As I was using my iPhone 3GS last night, I saw an update in the iTunes App Store for the e-book software called Shortcovers. I noticed the app went through a name change to Kobo, which had me scratching my head in thought. Why would such a popular application with support for several handset platforms change its brand? This morning, I got my answer courtesy of the New York Times.
Shortcovers is indeed now known as Kobo and Kobo will power an e-book device from Borders, the last major bookstore I can think of that doesn’t have e-book hardware to sell. What I immediately like about the news is that Shortcovers — er, I mean Kobo — will still support multiple devices:
“The partners said the new e-bookstore will also offers mobile reading applications and will be “device neutral,” allowing readers to download content to the most popular smartphones, including the Apple iPhone, Research in Motion BlackBerry, Palm Pre and Google Android devices.”

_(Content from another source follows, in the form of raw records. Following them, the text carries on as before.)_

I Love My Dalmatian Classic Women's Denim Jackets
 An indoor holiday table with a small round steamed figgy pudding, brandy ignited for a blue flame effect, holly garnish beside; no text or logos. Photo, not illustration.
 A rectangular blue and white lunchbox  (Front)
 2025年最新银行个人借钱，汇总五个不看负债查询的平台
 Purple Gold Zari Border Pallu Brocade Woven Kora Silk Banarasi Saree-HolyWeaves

Let’s face it: e-book content at its core is just basic text. Oh, it’s usually very good text and well worth paying for, based on the author’s efforts, but really — it’s simply textual content. And consumers don’t want content locked to specific devices or platforms. I’ve actually had to buy the same e-book titles more than once, simply because the content wasn’t compatible from one device to another. Kobo already goes where Amazon has yet to tread (but will be soon) — supporting e-book content on most major handsets as well as the PC and Mac. There’s currently a Kobo client for iPhone, webOS, Android and BlackBerry — noticeably absent in Microsoft’s Windows Mobile devices — plus you can use Adobe Digital Editions on a computer with Kobo content.
The Times says that there will be multiple Kobo reader devices, all with wireless connectivity and will be built around the ePUB industry standard. Watch for a device within the next six months — yes, it’s late to the game, but widespread device support could be the differentiating factor here.